Richard Wagner incontrò Mathilde Wesendonk ad un concerto nel marzo del 1851 a Zurigo e Mathilde, affascinata dall’ouverture del Tannhauser, volle, col marito Otto Wesendonk, ricco commerciante tessile e grande estimatore di Wagner, conoscere il compositore.
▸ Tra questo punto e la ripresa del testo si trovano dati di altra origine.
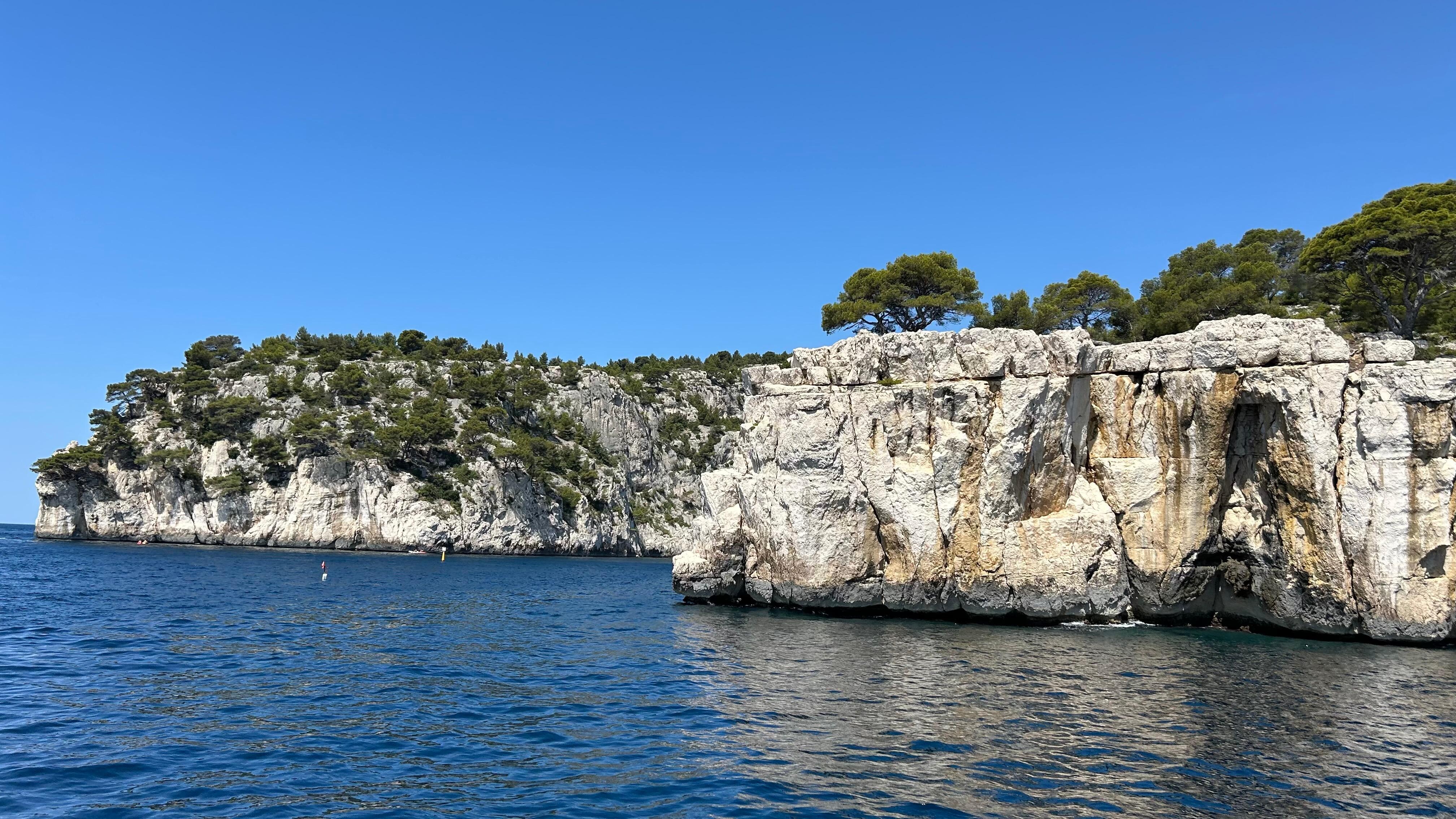 les calanques en bateau. Magnifique
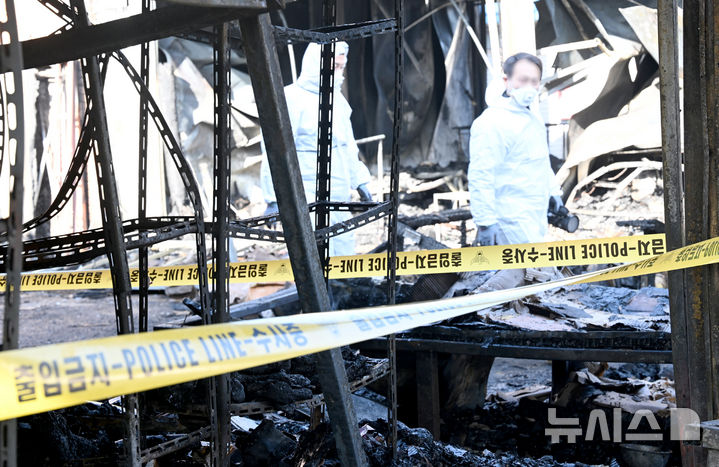 [광주=뉴시스] 김혜인 기자 = 14일 오전 불이 난 광주 광산구 송정5일장에서 경찰·소방·국립과학수사연구원의 합동감식이 진행되고 있다.·2025.02.14. hyein0342@newsis.com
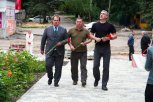 Губернатор Амурской области возложил цветы к братской могиле советских воинов в Амвросиевском округе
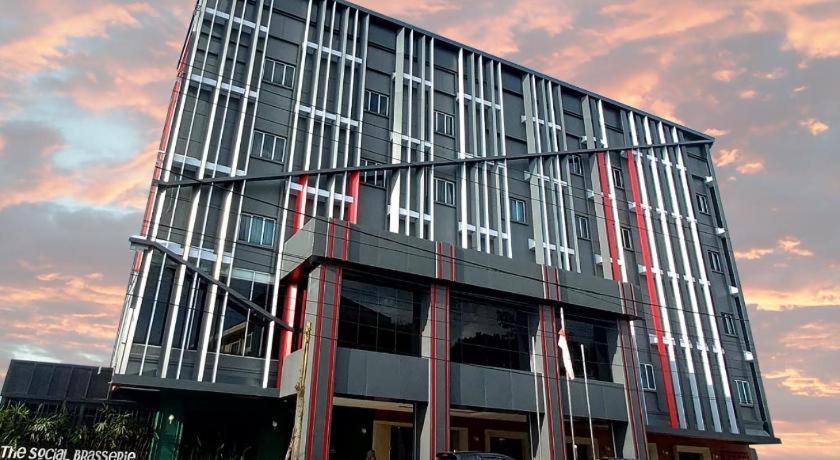 New Hollywood Hotel Pekanbaru Εξωτερικό φωτογραφία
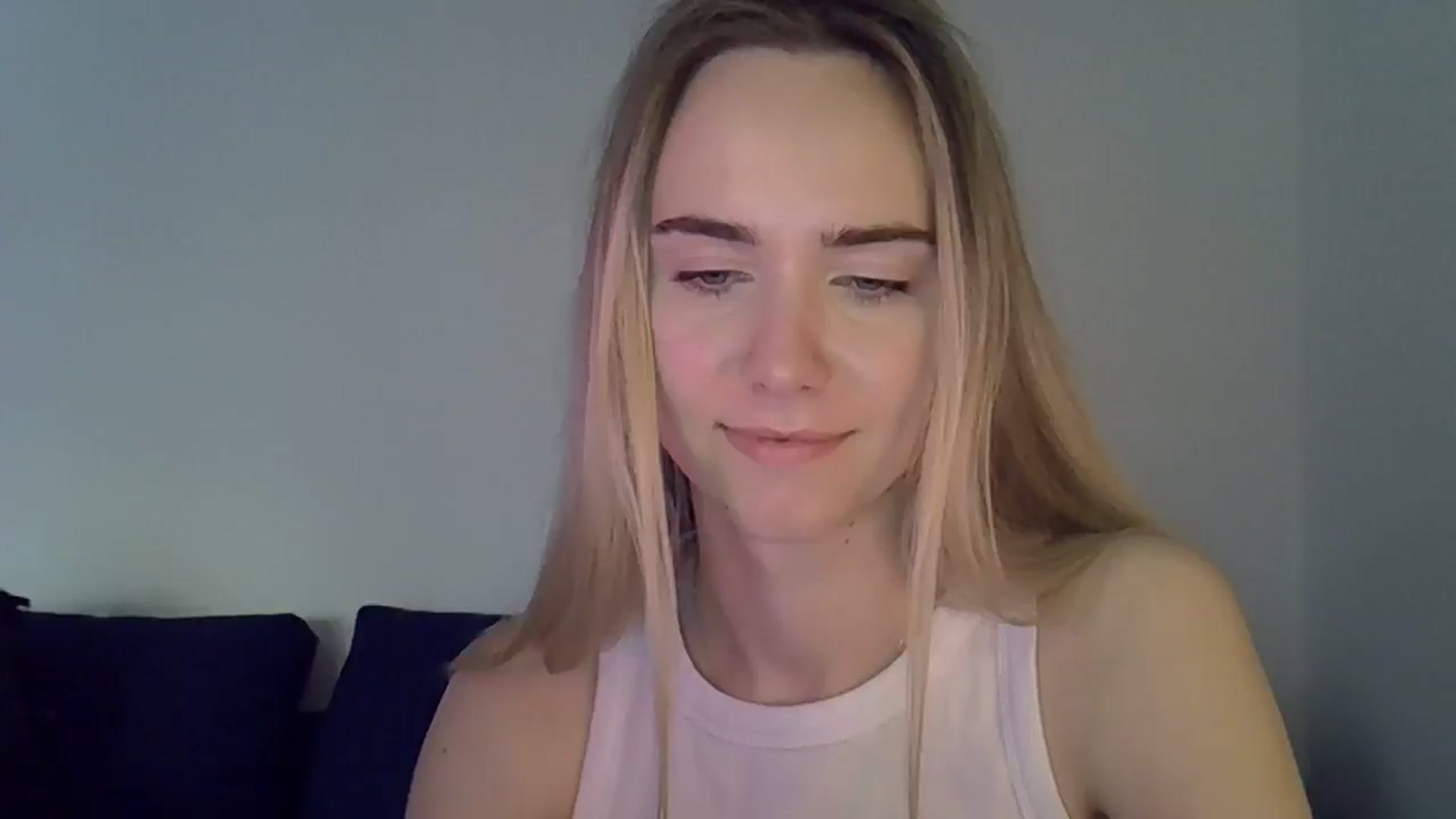 Gallery image thumbnail from Ocean__Soul's myfreecams stream on, 04/29/2025, 17:35 image 5 of 20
Due mesi più tardi, il 22 maggio, giorno del suo compleanno, Wagner dirigeva di persona una rassegna delle proprie opere in un concerto finanziato da Otto Wesendonk, in una sala piena di fiori e con l’omaggio di una poesia scritta da Mathilde; per ringraziarla, Wagner le inviò una sonata che aveva composto espressamente. Iniziava così coi coniugi Wesendonk una frequentazione che col passar del tempo divenne sempre più assidua, tanto che nel 1852 Wesendonk iniziò a sostenere economicamente il compositore e permise a Wagner e a sua moglie Minna di alloggiare in un cottage nei pressi della sua villa.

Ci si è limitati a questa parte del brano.